BEGIN Input records

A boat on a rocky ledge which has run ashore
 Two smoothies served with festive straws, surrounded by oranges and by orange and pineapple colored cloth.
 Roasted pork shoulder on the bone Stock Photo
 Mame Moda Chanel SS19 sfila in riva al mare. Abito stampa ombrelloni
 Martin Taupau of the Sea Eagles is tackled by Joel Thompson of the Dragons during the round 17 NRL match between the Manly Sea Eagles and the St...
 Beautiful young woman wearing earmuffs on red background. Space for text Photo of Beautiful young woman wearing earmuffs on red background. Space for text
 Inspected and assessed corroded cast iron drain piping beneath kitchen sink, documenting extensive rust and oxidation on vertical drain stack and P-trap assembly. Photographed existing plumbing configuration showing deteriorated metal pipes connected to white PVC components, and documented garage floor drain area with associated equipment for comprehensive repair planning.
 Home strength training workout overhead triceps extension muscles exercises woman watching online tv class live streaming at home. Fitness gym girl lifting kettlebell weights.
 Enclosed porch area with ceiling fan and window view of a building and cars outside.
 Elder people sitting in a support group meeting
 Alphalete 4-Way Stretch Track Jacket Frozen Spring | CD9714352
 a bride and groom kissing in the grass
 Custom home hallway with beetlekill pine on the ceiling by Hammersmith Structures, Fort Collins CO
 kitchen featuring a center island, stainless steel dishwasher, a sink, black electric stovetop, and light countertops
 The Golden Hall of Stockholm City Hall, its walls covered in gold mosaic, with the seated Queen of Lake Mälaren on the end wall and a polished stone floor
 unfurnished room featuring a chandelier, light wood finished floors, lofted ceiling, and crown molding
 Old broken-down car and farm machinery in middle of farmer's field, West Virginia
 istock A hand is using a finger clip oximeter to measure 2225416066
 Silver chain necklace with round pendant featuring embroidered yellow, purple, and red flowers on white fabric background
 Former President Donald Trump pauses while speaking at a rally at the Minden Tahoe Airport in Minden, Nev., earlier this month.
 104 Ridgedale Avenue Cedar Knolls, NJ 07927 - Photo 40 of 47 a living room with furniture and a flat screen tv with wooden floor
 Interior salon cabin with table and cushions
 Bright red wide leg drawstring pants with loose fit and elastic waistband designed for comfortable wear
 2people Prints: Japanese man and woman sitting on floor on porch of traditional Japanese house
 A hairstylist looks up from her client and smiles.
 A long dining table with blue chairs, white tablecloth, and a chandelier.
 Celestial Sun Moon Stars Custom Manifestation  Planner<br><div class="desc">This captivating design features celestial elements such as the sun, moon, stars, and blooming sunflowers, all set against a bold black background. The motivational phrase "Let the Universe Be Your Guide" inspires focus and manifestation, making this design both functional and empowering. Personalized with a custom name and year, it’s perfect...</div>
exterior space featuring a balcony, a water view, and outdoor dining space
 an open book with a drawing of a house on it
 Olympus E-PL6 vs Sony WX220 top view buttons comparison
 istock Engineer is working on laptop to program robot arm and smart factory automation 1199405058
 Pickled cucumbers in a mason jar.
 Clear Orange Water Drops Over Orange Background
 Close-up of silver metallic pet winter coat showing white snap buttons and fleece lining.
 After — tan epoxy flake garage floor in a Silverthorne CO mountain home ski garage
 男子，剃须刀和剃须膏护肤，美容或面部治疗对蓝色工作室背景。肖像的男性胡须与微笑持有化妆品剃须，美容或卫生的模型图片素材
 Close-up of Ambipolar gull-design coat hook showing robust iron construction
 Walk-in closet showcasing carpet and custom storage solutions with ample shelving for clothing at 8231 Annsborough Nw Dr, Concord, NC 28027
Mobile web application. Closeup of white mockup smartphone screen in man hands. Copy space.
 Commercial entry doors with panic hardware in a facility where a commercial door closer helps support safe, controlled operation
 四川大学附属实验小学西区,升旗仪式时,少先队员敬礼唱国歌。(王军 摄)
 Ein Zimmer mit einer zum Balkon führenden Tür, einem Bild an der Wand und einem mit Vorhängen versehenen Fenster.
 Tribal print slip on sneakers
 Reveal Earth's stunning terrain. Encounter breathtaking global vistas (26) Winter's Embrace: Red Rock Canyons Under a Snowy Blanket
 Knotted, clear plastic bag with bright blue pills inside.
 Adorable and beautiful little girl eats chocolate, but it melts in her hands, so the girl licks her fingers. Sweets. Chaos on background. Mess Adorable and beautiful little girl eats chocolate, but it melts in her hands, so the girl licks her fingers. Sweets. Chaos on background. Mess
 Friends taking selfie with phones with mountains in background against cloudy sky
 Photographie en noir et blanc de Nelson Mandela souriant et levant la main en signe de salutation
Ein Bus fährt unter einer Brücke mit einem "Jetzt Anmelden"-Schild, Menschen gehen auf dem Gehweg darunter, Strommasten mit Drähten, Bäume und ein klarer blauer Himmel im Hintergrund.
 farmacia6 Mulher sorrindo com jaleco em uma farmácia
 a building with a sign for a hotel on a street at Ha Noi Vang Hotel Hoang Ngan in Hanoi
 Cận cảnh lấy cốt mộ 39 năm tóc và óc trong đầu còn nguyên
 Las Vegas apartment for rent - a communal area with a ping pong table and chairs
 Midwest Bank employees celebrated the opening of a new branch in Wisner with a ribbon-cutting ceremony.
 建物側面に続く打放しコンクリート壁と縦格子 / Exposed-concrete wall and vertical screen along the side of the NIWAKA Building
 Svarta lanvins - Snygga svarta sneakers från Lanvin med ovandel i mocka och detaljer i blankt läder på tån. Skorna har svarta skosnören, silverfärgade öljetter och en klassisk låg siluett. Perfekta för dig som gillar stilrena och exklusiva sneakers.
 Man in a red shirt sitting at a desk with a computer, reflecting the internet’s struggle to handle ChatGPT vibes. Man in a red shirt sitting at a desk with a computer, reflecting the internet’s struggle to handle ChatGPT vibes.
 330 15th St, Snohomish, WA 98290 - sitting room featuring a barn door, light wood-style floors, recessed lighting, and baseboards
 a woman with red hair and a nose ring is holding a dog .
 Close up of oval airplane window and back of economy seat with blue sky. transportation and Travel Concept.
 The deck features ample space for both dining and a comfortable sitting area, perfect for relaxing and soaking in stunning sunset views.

END Input records

→ **Problem details**
The line with "Close up of" and all lines after it through the end of the data above: write these out exactly and add nothing.

→ **Exercise solution**
 Close up of oval airplane window and back of economy seat with blue sky. transportation and Travel Concept.
 The deck features ample space for both dining and a comfortable sitting area, perfect for relaxing and soaking in stunning sunset views.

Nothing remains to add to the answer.